ActiveRecord Select

If I do this:

x = Client.select("DISTINCT(client_category)")

Then I get an array of relations. Instead, what I need is the entire
row (model instance attributes) for each of the returned relations.
What is the syntax to obtain the complete records?

I cannot find a discussion of the select method in the current AR API
(http://api.rubyonrails.org/classes/ActiveRecord/Base.html) and so I am
having some difficulty in turning this into something I can use.

Queries don’t really work that way. You can’t really select the full record when using distinct client_category.

Lets say you have the following rows:

client_category, client_name
Cat1, Foo
Cat1, Bar
Cat2, Other

If you are selecting distinct client_category, and want the full row, which of the two “Cat1” rows should it return?
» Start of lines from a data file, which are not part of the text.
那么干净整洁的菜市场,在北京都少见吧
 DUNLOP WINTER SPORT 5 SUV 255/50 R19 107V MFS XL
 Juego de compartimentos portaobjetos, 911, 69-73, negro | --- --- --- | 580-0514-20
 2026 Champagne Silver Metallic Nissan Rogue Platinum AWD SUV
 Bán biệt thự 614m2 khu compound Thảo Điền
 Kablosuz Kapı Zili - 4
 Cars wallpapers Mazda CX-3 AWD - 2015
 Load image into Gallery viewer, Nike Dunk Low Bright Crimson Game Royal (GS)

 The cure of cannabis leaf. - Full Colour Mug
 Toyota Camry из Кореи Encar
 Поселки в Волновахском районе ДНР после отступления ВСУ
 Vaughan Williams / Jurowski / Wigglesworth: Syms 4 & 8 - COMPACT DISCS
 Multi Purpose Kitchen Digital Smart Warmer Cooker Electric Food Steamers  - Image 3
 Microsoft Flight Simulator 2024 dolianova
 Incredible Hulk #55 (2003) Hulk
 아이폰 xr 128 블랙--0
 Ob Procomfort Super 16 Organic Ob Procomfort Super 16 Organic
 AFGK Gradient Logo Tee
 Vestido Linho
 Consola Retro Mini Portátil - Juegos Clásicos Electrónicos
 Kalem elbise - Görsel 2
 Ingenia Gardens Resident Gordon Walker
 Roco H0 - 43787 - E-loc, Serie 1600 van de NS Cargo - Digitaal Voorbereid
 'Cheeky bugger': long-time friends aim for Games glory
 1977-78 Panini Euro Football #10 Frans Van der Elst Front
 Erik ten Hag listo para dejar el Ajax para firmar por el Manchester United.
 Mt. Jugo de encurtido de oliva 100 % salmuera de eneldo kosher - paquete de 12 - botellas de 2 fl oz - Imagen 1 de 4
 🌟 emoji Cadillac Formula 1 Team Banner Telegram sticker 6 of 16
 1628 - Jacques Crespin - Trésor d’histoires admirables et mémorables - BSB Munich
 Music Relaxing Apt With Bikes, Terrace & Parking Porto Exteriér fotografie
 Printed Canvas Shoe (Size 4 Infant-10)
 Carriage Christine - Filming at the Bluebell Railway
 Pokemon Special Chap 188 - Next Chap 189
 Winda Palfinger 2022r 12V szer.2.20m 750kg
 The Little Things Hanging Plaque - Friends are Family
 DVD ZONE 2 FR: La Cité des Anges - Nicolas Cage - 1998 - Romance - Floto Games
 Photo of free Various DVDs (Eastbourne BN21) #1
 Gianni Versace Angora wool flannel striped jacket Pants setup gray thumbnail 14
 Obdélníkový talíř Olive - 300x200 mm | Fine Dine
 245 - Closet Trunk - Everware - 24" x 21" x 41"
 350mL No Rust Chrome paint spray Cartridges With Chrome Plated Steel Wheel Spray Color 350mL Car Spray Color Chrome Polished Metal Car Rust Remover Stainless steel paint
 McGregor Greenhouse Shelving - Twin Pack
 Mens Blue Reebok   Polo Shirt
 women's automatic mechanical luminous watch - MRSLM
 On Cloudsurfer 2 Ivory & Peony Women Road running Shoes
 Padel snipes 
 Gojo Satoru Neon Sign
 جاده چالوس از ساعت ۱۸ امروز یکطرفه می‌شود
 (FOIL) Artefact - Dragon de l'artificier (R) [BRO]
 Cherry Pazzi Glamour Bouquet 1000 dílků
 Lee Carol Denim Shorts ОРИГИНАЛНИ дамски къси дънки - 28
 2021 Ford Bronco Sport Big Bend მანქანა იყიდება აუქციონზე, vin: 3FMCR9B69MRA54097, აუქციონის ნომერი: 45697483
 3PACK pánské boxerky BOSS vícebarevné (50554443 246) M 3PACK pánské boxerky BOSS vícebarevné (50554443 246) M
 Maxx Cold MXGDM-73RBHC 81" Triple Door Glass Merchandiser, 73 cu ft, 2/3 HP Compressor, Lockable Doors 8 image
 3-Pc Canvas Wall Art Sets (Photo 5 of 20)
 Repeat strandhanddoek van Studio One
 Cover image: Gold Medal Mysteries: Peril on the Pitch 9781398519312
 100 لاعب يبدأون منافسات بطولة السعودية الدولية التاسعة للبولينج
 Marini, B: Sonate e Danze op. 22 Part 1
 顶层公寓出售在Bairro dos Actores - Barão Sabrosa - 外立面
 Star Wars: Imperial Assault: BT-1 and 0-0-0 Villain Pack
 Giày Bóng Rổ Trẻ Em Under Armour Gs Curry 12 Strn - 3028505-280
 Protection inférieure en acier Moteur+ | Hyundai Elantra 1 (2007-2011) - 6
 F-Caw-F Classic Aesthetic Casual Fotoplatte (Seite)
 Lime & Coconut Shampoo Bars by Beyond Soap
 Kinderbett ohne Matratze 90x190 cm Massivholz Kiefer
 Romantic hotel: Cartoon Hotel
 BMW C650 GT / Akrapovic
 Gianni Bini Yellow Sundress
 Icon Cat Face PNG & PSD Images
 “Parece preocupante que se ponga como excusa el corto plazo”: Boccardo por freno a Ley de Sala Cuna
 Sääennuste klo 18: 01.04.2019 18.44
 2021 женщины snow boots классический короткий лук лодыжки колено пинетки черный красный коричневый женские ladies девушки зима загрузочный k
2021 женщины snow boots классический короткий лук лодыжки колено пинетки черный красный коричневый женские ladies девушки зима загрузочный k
Tim Shaffer wrote in post #975719:

Queries don't really work that way. You can't really select the full
record when using distinct client_category.

Lets say you have the following rows:

client_category, client_name
Cat1, Foo
Cat1, Bar
Cat2, Other

If you are selecting distinct client_category, and want the full row,
which
of the two "Cat1" rows should it return?

What I want to accomplish is to obtain one example of each value and the
entire row that contains it. How does one do that? I do not care which
row is returned but I only want one row for each distinct value.

Why? If you do not care which row is returned then presumably you do
not care what is in the rest of the row so why do you need it?

Colin

Colin Law wrote in post #975727:

Colin Law wrote in post #975727:

If you are selecting distinct client_category, and want the full row,
which
of the two "Cat1" rows should it return?

What I want to accomplish is to obtain one example of each value and the
entire row that contains it. How does one do that? I do not care which
row is returned but I only want one row for each distinct value.

Why? If you do not care which row is returned then presumably you do
not care what is in the rest of the row so why do you need it?

Colin

Because I want one representative row for each category.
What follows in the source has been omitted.